• _TASK DIRECTIONS_: Set down, word for word, every line of the material below from the one containing "Japanese Juniper-Simply Bonsai-[Bonsai" through the one containing "X0000070360044200607072114", but none of its pictures.
INPUT DATA below:
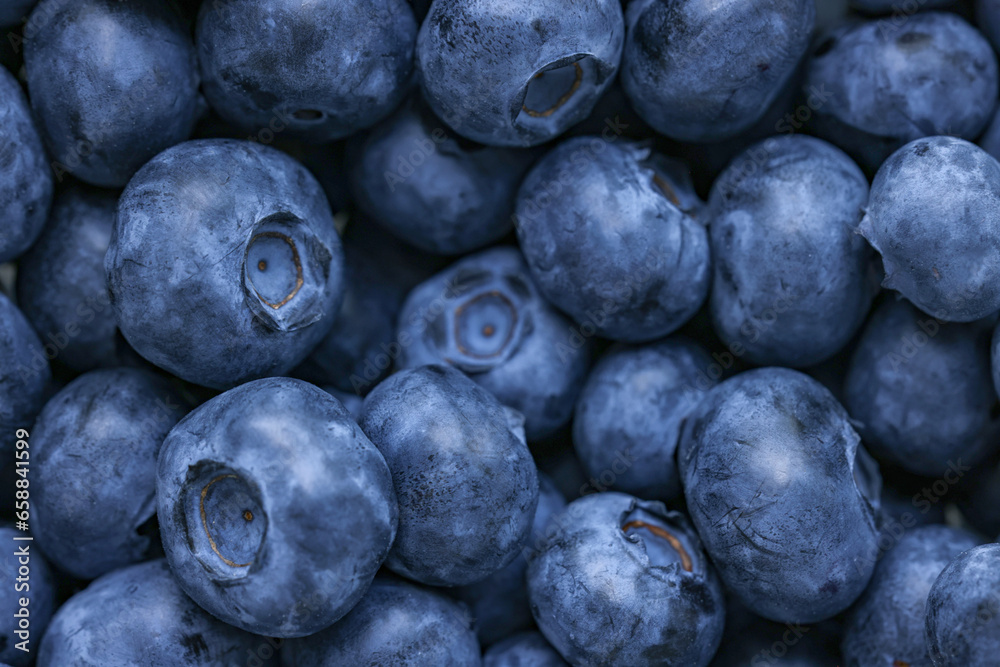 Fresh tasty blueberries as background, closeup view Fresh tasty blueberries as background, closeup view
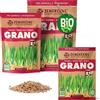 ZenGreens® - Semi di grano biologico - Scegli tra 10g, 200g e 500g - Germogli di grano - Germinazione superiore al 97% - Microgreens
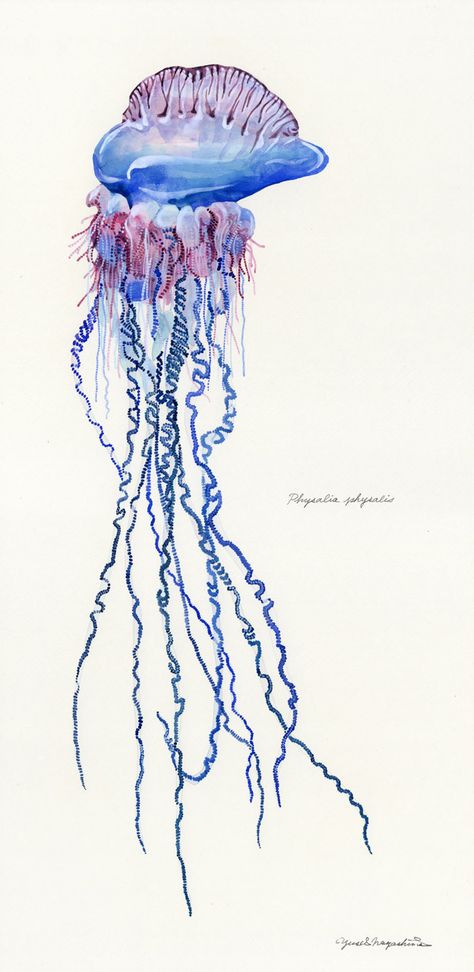 Physalia physalis / Portuguese Man O'War / “Katsuwonoeboshi” Yusei Nagashima, Portuguese Tattoo, Portuguese Man, Ocean Sleeve, Jellyfish Illustration, Jellyfish Drawing, Surf Painting, Jellyfish Tattoo, Jellyfish Art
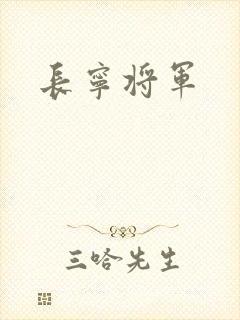 长宁将军封面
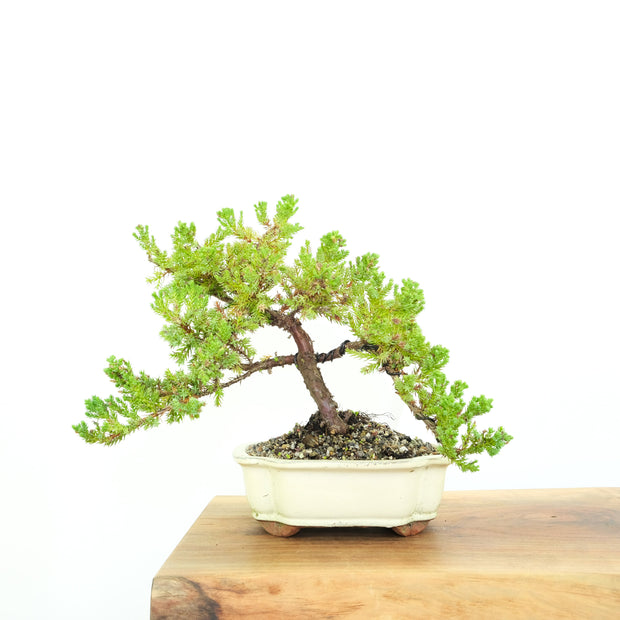 Japanese Juniper-Simply Bonsai-[Bonsai NZ]-[Buy bonsai NZ]-[Bonsai Tree NZ]-Simply Bonsai NZ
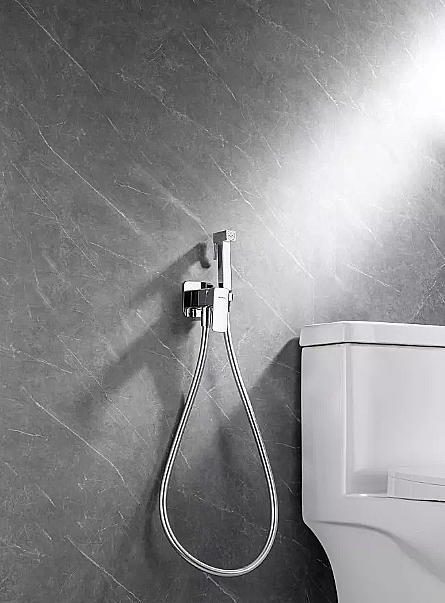 Гигиенический душ Allen Brau Infinity 5.21005-BN никель брашированный купить в интернет-магазине сантехники Sanbest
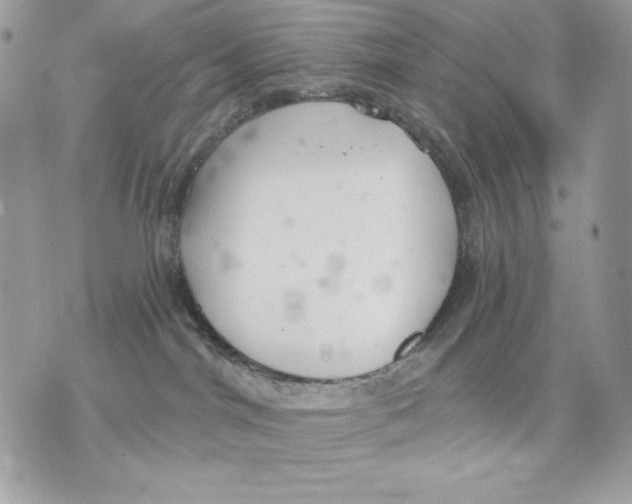 X0000070360044200607072114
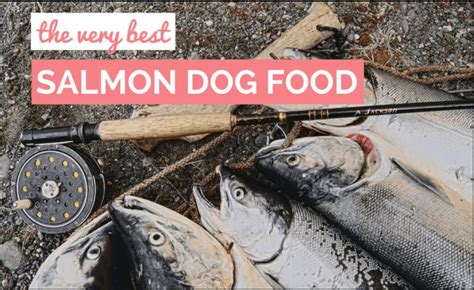 10 Best Salmon Dog Foods (Reviews Updated 2024) | Dog Product Picker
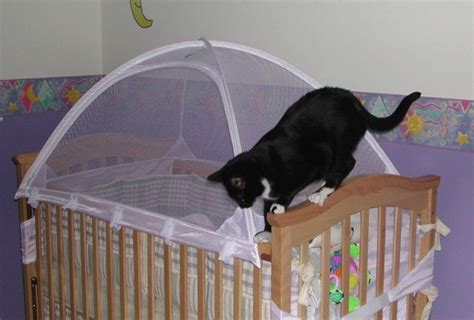 Cute Cat Looking Into The Crib Crib Tent Baby Cribs Cribs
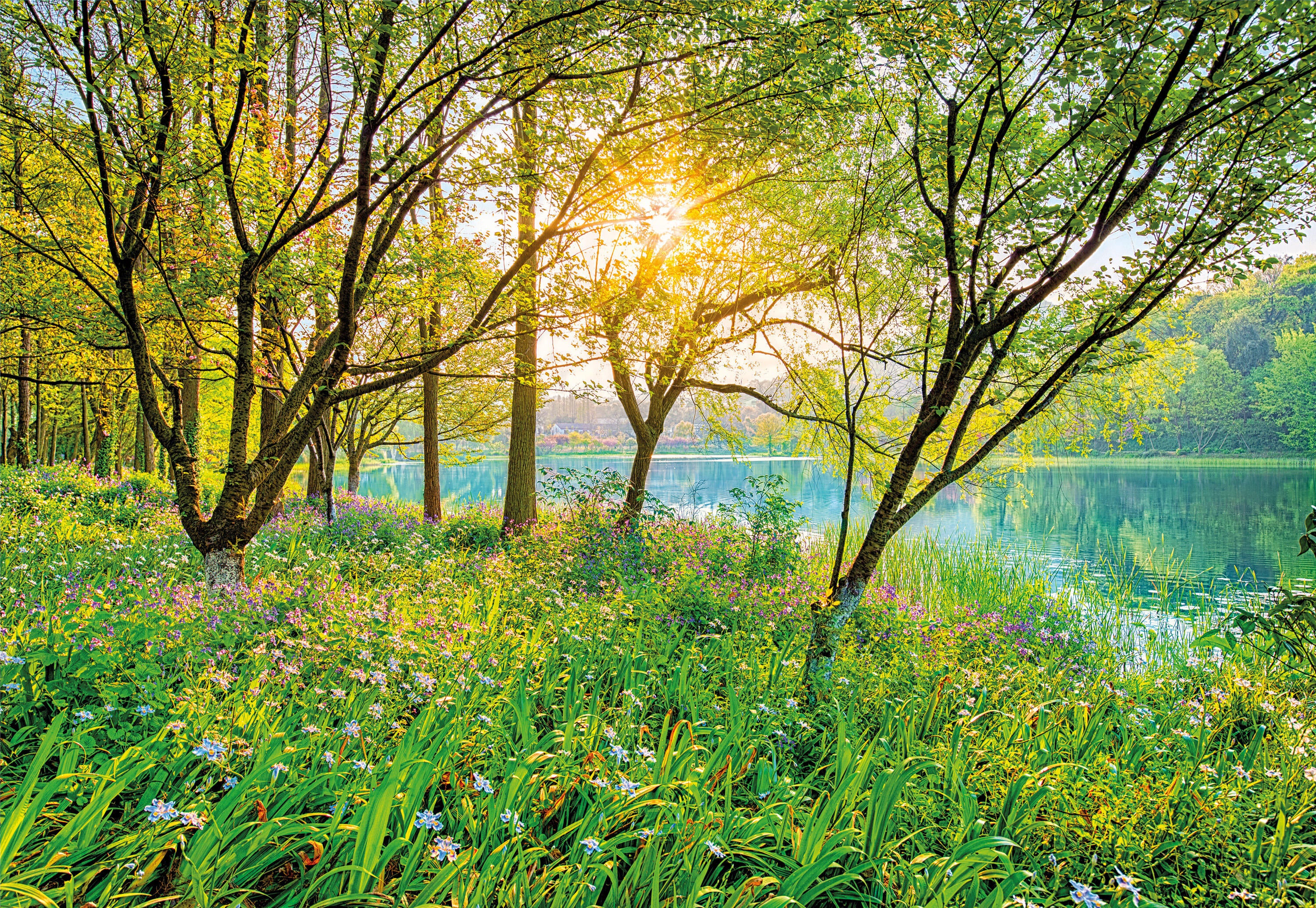 Papier peint panoramique Spring Lake vert l.368 x H.254 cm - 2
End of INPUT DATA.
• _SOLUTION TO THIS EXERCISE_:
 Japanese Juniper-Simply Bonsai-[Bonsai NZ]-[Buy bonsai NZ]-[Bonsai Tree NZ]-Simply Bonsai NZ
 Гигиенический душ Allen Brau Infinity 5.21005-BN никель брашированный купить в интернет-магазине сантехники Sanbest
 X0000070360044200607072114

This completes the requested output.